我实现了一个人工机器学习写作器，实现人工机器写作,未经许可，禁止转载！英文

文章由Byrx.net分享于2019-03-23 10:03:13评论（265）

我实现了一个人工机器学习写作器，实现人工机器写作,未经许可，禁止转载！英文

本文由编橙之家 - Ree Ray 翻译，sunshinebuel 校稿。未经许可，禁止转载！
英文出处：Jacob Plaster。欢迎加入翻译组。

我最近在赫尔大学完成了我的进阶人工智能模块。它特别棒。“机器学习”技术尤其吸引我，大量基于此的潜在应用看起来前途无量。当我克服了（人工神经）网络工作原理的陡峭学习曲线后，我决定是时候写点什么了。

人工神经网络（ANN）写作器

在我全力搜索互联网上来研究奇迹般的机器学习的同时，我偶然发现了个 github 上的项目，使用了递归神经网络（recurrent neural network）来模仿莎士比亚的写作风格。我喜欢这个想法，所以也试着创造一个几乎完全不一样属于我自己的版本。我决定使用 scikit 这个机器学习库。这是因为它使用和配置起来都特别顺手。

Scikit 同样有着庞大的社区，里面包含了大量的教程，还有许多可以用来训练你自己的神经网络的样本数据集（example datasets ）。我创建的这个写手使用了多重支持向量机（SVM）引擎。
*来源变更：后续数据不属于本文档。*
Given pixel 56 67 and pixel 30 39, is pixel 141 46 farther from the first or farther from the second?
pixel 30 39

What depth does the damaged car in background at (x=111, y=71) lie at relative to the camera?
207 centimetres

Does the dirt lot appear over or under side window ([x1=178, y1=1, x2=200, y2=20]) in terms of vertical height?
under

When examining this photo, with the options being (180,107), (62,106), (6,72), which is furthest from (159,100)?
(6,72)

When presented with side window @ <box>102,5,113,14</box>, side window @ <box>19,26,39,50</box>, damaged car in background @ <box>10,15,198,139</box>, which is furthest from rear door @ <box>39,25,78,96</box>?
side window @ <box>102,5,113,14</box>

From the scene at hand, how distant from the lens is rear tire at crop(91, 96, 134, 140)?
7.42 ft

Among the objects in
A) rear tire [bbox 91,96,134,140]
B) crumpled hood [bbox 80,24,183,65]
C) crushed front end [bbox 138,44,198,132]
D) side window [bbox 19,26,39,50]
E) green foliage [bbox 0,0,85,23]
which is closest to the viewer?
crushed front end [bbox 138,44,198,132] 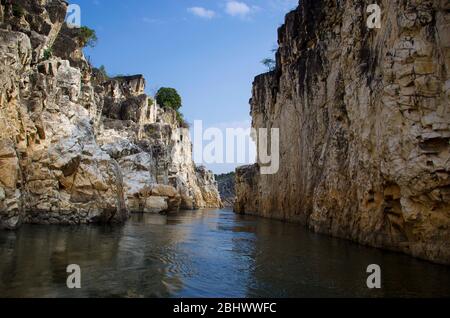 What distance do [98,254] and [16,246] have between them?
2.61m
一个向量机（vector machine）用来对句子结构化，多个小型向量机用对应从词汇表中选取单词算法。

句式结构化

句式结构化非常成功，我目前使用的算法结果准确率已经很高了。这个阶段中最打的障碍就是将训练数据归一化（normals）。我使用了 NLTK 这个自然语言的库来将训练数据转化成词性标签（phrase identifiers），例如：NN（名词），DET（限定词），$（标志）等等。

这代表着我可以利用这些标签对数据进行归一化，像下面这样：

["The", "cat", "jumped"] = ['DET', 'NN', 'VP]

一旦归一化以后就像下面这样：

['DET', 'NN', 'VP] = [0.2237823, 0.82392, 0.342323]

现在我只需要得到一个目标归一化后的值（target normal），并且将它代入神经网络中开始训练即可。从二进制大型对象（BLOB）中读取文本时，训练用词就是二进制大型对象中的下一个词，因此：

["The", "cat", "jumped"]["towards"] = ['DET', 'NN', 'VP]["PRP"] = [0.2237823, 0.82392, 0.342323][0.12121212]

接下来要做的是拿到大量 J.K Rowling《Harry Potter》的资源并且准备开始模仿她的句式结构。

词汇

词汇在本项目中无疑是最难的部分，我很清楚没有道理不使用递归神经网络，预测每个字母也是更好的办法。然而，我选择的方法产生的结果看起来特别有趣。

词汇以词序矩阵的形式包含在训练用的 BLOB 文件中。每个词分解成了词性标签接着进行归一化。归一化后的值和词汇依然被保留着，因为稍后将归一化的值转换回单词依然要利用此作为映射表。词汇看起来像这样：

[[(cat, [0.232342]), (bat, [0.2553535]), (dog, [0.345454]), (horse, [0.4544646]) ... ]
[(run, [0.12131], (jump, 0.232323), (fall, 0.43443434) ... ]
...
]

尝试应用

使用 HarryPotter（small）.txt

这个数据集包含了 346 个训练向量（training vectors）。是一个最小的训练集。

Input: "Harry dont look"
Output: "Harry dont look had at eleven for witches had been for eleven then with nothing had been for eleven then with nothing had been for eleven then with nothing had been for eleven "

Input: "Wizards sometimes do"
Output: "wizards sometimes do , Harry had been been , Harry had been been , Harry had been been , Harry had been been , Harry had been been , Harry had been been "

你可以看出神经网络很努力想要学习却缺乏训练数据。它几乎就陷入无限循环中了。

使用 HarryPotter(medium).txt

数据集包含了 2500 个训练向量。

Input: "Harry don't look"
Output: "Harry don't look , incredibly that a year for been parents in . followers , Harry , and Potter was been curse . Harry was up a year , Harry was been curse "

Input: "Wizards sometimes do"
Output: "wizards sometimes do parents."

现在你可以看出神经网络已经生成了我们预想的结果。因为增加了训练数据，它的性能得到了大幅度提升。

使用 HarryPotter(large).txt

数据集包含了 4550 个训练向量。

Input: "Harry don't look"
Output: "Harry don't look Petunia Harry , incredibly had on the address."
Now, apart form a missing full-stop in-between 'Petunia' and 'Harry' the sentence structure is almost prefect.

Input: "Wizards sometimes do"
Output: "Wizards sometimes do the address on the address on the address."
Here, the increase in training data has given a negative result. This is rare.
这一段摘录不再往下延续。